/---
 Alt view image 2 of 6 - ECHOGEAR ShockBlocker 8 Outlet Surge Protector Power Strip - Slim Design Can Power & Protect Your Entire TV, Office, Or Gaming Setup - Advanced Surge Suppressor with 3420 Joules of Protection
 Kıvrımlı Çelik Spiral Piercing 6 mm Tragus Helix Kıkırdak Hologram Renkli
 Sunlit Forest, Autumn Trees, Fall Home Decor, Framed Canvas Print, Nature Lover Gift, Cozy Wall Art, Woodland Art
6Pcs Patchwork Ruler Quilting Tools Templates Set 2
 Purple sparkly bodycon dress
\---
/---
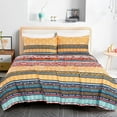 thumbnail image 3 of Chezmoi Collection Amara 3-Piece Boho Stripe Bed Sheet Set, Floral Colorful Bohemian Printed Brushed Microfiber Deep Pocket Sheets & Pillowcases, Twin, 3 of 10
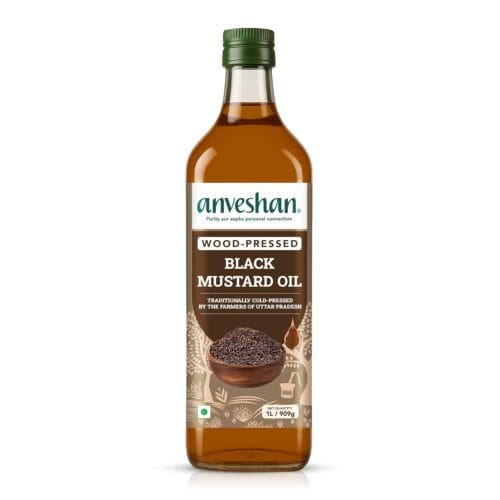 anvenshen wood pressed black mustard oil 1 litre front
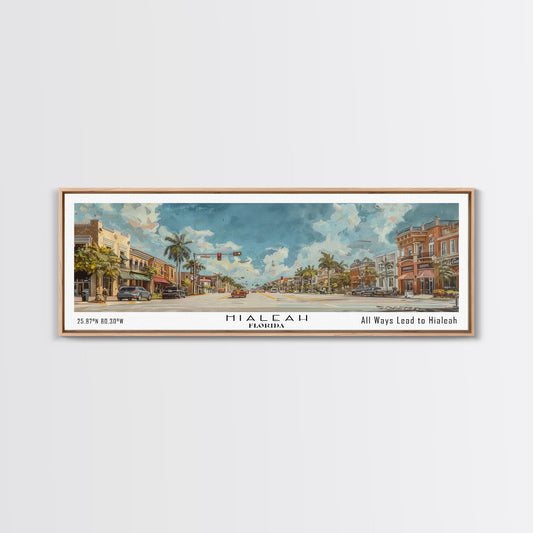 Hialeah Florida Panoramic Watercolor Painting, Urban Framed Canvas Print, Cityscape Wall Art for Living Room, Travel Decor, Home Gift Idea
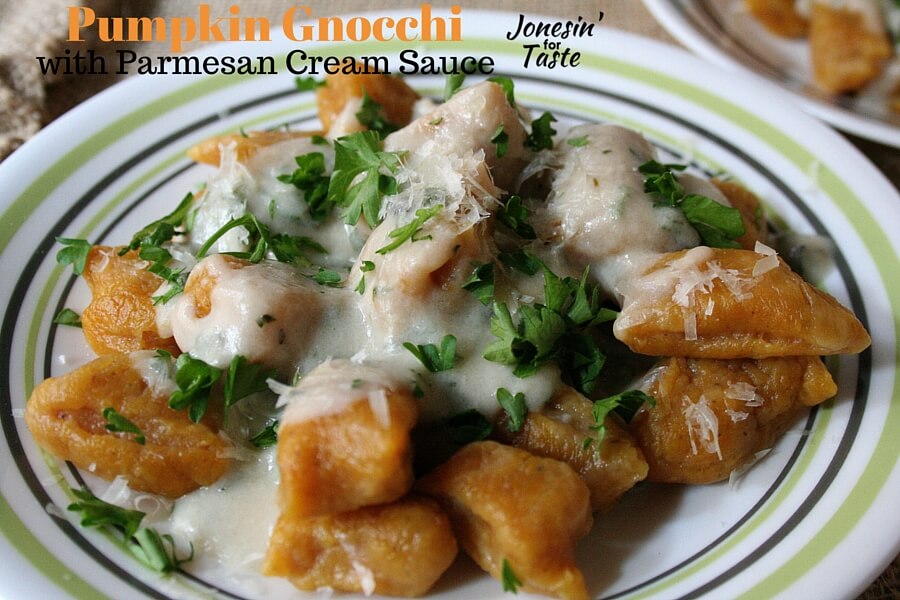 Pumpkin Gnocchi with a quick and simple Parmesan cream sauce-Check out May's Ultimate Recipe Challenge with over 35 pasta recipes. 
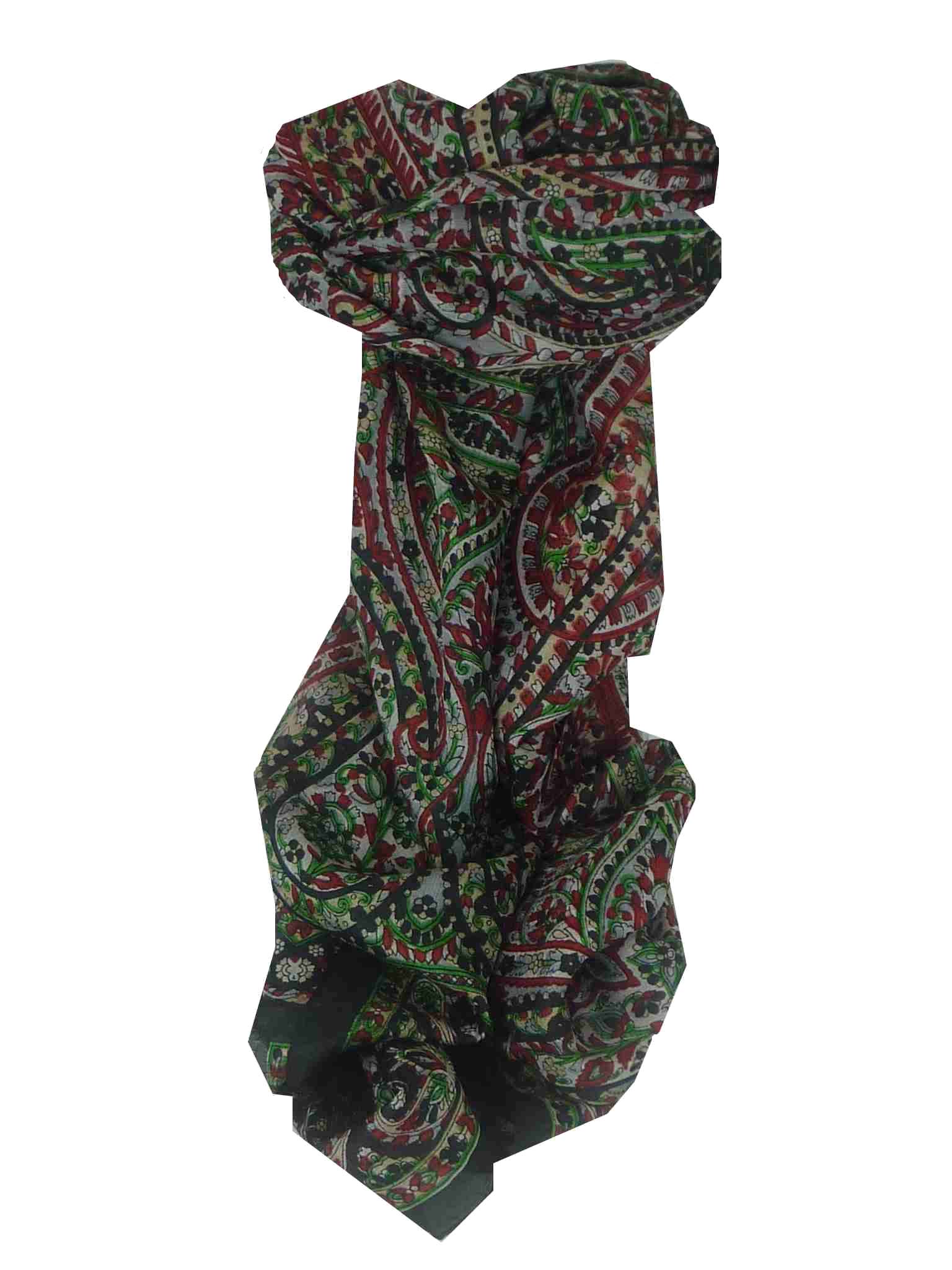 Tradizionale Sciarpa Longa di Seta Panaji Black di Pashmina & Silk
\---
## Exercise details
Repeat word for word the lines above that run from the line containing "Sunlit Forest, Autumn" through the line containing "Purple sparkly bodycon dress", both ends included, and nothing else.

## Response to the exercise
 Sunlit Forest, Autumn Trees, Fall Home Decor, Framed Canvas Print, Nature Lover Gift, Cozy Wall Art, Woodland Art
6Pcs Patchwork Ruler Quilting Tools Templates Set 2
 Purple sparkly bodycon dress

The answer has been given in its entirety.